A recente escalada de hostilidade entre o Paquistão e a Índia interrompeu os motoristas de caminhões do Afeganistão.
No sábado, o líder central da Câmara de Comércio Conjunto Afeganistão do Pacote (PAJCCI) disse que a Índia não permitiu que os caminhões do Afeganistão atravessassem a fronteira com Wagga.
Enquanto isso, ele acrescentou que o Paquistão não permite que os veículos transportem itens importados da Índia sob um contrato de transporte para entrar no Afeganistão através dos pontos de fronteira de Torkham e Chaman.
No início desta semana, o Paquistão facilitou algumas semanas de gargalo, permitindo que 150 caminhões afegãos transportassem mercadorias para a Índia atravessar a fronteira. A medida ocorre quase uma semana após a fronteira ter sido interrompida para o comércio com ou com países terceiros em resposta a medidas em Nova Délhi, após os ataques fatais na Caxemira ocupada pelo Paquistão. Sem evidências, a Índia sugeriu um elo transfronteiriço que o Paquistão negou e, em vez disso, buscou uma investigação neutra.
Na reunião do Comitê de Segurança Nacional, realizada em 24 de abril, Islamabad decidiu suspender o comércio com Nova Délhi, incluindo dentro e fora dos países terceiros do Paquistão.
Falando ao Dawn.com hoje, o líder da PAJCCI, Khan Jan Alokozay, confirmou que a Índia não está permitindo que os caminhões atravessassem a fronteira com Wagah, apesar do Paquistão dar permissão.
“Um total de 150 caminhões deveriam entrar no Paquistão e prosseguir para Waga, mas eles ficaram presos após o dia 25 de abril”.
“Esses caminhões carregam frutas secas, frutas e vegetais frescos.

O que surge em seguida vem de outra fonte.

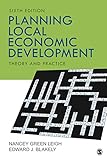 Planning Local Economic Development Theory And Practice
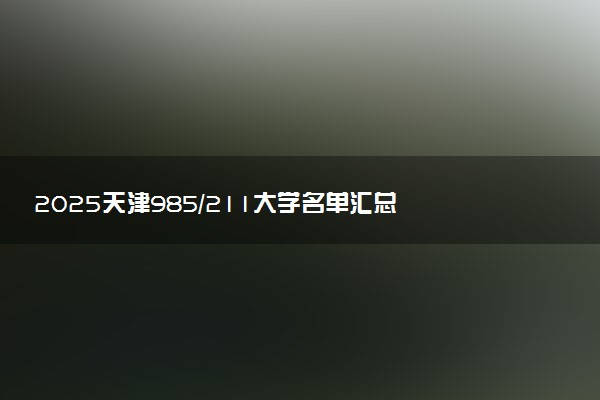 2025天津985/211大学名单汇总 含院校排名及录取分数线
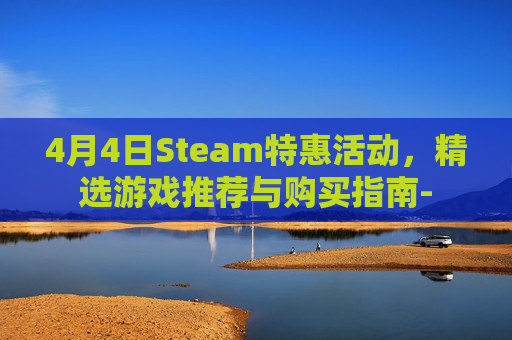 4月4日Steam特惠活动，精选游戏推荐与购买指南-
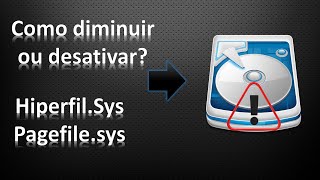 Como reduzir ou desativar os arquivos hiperfilsys e Pagefilesys no Windows [upl. by Zenda654]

Primeiro, o Paquistão havia parado esses veículos, mas agora a Índia não deu permissão”, disse Arokozai de Cabul.
Ele disse que o Paquistão interrompeu os veículos comerciais afegãos com importações da Índia.
“Cerca de 1.500 contêineres chegaram da Índia no porto de Karachi. Alguns itens foram carregados e os contêineres chegaram a Torkam e Chaman. O Paquistão interrompeu esses veículos”.
Ele disse que os itens que foram parados foram transportados de mercadorias da Índia e queriam levá -los a Cabul.
“Eles são parados e causam perdas para nós”, disse ele.
“É triste que esse problema tenha vencido e ainda não tenha sido resolvido. Estamos tentando resolvê -lo”.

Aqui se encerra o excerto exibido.